>Hi all,
>
>Being a newcomer on this list, I don't know what you're talking about.  It
>seems to me that we shouldn't be attacking people and we should
>concentrate more on critiquing their ideas in a constructive manner so
>that we can formulate better positions and act in the interest of the
>working class.  Calling people scumbags doesn't help.
>
>Comradely,
>
>Issam mansour


OK, Issam, we're agreed on the need for constructive policy suggestions,
good positions and acting in the interests of the working class. However,
some of the old-timers here consider the people being attacked (the person
here being Louis Proyect, a well-known character in left cyber-space)
irredeemable sources of destructive criticism, dangerous positions and
disaster to the working class. So they attack them.

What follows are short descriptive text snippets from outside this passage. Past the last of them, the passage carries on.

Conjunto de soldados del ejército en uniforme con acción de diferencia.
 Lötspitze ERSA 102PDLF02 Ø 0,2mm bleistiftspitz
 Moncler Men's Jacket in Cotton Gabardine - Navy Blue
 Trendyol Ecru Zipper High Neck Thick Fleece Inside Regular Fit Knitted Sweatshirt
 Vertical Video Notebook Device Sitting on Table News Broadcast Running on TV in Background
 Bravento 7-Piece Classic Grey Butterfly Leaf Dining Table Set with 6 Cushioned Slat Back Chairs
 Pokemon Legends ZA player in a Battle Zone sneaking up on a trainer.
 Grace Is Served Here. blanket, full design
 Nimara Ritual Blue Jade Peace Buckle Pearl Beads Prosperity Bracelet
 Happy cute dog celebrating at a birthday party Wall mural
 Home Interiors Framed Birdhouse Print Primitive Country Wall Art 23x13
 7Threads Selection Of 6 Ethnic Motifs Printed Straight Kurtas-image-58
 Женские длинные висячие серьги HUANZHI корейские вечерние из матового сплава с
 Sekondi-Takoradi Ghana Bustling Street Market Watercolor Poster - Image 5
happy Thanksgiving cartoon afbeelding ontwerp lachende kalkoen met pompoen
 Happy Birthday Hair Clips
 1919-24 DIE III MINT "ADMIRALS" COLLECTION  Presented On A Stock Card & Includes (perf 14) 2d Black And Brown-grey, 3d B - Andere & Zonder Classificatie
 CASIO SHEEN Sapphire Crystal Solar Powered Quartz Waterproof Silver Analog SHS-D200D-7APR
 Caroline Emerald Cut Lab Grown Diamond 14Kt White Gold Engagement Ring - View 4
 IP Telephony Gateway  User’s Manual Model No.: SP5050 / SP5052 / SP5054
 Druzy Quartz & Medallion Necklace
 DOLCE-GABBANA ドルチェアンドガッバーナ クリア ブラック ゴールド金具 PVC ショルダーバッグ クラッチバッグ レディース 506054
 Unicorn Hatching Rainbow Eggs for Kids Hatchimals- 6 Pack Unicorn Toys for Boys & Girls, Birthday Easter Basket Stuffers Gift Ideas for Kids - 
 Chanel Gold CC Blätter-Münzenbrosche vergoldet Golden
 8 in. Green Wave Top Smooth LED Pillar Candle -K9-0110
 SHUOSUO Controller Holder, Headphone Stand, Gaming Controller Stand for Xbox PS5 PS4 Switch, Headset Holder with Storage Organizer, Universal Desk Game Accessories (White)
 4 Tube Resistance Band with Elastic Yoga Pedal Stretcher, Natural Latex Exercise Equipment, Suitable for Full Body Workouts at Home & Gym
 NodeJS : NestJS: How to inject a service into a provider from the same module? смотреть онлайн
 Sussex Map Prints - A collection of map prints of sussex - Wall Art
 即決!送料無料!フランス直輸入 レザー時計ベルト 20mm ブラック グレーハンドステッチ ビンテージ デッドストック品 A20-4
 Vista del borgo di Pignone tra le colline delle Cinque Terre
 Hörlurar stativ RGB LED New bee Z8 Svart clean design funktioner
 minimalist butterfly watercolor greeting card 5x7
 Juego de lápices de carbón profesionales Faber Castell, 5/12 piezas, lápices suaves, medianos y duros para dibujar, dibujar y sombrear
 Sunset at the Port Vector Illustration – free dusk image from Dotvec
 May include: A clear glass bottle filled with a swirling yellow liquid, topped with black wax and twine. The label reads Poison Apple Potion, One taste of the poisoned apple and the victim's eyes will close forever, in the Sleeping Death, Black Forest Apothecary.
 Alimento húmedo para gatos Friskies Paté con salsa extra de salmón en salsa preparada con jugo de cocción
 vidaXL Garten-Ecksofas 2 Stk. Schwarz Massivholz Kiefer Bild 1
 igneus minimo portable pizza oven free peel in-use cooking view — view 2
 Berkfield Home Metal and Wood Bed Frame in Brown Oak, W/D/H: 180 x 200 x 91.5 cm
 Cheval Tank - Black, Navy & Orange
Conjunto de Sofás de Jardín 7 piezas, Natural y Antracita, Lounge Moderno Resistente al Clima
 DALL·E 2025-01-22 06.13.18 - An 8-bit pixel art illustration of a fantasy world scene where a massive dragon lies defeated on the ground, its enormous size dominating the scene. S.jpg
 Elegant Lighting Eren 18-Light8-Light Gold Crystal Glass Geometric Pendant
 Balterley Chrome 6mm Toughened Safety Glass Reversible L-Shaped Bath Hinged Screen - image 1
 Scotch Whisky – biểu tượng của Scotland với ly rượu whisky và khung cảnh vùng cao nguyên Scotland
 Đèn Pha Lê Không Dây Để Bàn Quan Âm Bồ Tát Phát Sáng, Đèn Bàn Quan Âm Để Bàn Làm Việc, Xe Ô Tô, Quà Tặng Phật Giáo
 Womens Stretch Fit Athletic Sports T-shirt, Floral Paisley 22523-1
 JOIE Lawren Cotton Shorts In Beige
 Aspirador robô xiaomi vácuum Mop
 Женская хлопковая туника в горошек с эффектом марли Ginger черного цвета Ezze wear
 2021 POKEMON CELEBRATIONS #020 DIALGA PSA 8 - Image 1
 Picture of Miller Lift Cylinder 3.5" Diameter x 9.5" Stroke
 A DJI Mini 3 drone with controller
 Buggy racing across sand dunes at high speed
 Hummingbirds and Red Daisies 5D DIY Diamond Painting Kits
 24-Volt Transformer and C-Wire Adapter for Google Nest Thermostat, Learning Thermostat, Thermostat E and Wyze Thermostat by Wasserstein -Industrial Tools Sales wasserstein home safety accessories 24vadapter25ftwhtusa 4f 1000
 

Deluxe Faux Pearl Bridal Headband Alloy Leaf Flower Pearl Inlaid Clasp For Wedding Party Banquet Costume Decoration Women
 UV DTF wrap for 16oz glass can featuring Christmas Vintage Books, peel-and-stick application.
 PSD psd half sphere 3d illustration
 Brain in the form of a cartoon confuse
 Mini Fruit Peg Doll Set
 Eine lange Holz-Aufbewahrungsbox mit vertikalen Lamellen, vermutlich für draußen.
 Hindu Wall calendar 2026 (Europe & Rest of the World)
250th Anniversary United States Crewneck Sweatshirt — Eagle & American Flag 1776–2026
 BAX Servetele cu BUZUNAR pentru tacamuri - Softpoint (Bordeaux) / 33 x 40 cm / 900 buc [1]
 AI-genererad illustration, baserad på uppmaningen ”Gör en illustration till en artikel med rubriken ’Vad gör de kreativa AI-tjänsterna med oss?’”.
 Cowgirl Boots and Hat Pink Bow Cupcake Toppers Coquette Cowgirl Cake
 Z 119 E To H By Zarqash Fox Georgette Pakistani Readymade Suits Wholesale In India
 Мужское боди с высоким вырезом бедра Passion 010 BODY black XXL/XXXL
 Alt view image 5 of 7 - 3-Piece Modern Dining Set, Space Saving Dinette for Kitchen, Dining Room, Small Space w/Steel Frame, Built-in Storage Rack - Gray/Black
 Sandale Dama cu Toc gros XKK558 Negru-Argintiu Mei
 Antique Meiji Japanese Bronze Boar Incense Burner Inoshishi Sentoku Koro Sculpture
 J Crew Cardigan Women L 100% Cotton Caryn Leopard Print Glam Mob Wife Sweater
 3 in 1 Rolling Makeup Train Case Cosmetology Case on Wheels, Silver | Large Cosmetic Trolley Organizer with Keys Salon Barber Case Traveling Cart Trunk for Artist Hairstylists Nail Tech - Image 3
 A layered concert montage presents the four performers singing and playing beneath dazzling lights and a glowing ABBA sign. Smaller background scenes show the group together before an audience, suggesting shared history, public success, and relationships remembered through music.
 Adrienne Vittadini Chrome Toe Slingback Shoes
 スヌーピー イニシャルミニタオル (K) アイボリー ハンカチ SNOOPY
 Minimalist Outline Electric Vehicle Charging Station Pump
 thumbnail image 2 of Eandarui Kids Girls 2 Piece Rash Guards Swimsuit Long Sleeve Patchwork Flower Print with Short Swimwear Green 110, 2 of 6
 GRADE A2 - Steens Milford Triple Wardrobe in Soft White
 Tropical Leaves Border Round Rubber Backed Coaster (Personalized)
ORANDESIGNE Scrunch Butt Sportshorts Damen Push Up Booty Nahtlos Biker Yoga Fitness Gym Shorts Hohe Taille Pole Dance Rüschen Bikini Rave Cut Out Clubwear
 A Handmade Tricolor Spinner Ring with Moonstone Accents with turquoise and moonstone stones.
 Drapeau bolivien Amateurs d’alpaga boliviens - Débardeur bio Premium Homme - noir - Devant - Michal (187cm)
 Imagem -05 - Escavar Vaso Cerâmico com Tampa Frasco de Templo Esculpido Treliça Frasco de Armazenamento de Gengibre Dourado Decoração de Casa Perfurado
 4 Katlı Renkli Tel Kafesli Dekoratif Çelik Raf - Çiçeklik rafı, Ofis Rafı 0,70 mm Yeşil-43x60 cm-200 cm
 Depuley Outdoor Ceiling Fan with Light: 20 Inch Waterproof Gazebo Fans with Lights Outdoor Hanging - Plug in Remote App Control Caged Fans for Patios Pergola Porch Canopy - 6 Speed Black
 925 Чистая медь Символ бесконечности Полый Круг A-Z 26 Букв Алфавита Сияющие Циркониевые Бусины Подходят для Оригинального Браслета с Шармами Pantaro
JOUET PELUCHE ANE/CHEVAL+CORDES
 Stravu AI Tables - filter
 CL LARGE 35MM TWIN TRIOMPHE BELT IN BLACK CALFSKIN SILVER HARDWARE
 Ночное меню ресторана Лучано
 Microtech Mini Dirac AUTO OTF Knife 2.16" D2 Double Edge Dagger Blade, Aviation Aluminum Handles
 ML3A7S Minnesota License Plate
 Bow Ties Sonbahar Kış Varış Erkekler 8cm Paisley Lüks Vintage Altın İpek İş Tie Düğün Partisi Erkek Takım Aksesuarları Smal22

We've had some conflicting suggestions from Rob and Bob recently regarding
what should be done to end the horrors -- in Russia, say. What do you think
about their ideas? Do you think either of them is on the way to giving the
working class and its interests a shove in the right direction?

If you had to tell us what three positions you thought were central to good
working class policies today, what would they be?

Cheers,

Hugh




==============================

"Changes dictated by social necessity are sure to work their way sooner or
later, because the imperative wants of society must be satisfied, and
legislation will always be forced to adapt itself to them."

Karl Marx, "The abolition of landed property -- Memorandum for Robert
Applegarth, December 3 1869"

http://csf.Colorado.EDU/psn/marx/Archive/1869-Land/

This is published in the Collected Works of Marx and Engels, Vol 23
1871-74, p. 131, under the title of "The Nationalisation of the Land". It
was written in 1872 as notes for Eugene Dupont, the organizer of the
Manchester section of the Working Men's International Association. Dupont's
report at the May 8 meeting of the section was published in the
International Herald on June 15, 1872. This report, which differs slightly
from the notes published in the M-E Archives, is the text published in the
Collected Works.

                        * * *

"Though not in substance, yet in form, the struggle of the proletariat
with the bourgeoisie is at first a national struggle.  The proletariat
of each country must, of course, first of all settle matters with its
own bourgeoisie."

Communist Manifesto, 1848, end of first section "Bourgeois and Proletarians"

                        * * *

"The world political situation as a whole is chiefly characterized by
a historical crisis of the leadership of the proletariat."

Transitional Programme -- The Death Agony of Capitalism and the Tasks of
the Fourth International, 1938, perhaps the most important programmatic
document for which Trotsky bore major responsibility. Introduction.

                        * * *

And on  a lighter note:

        His lockid, lettered, braw brass collar,
        Shew'd him the gentleman and scholar.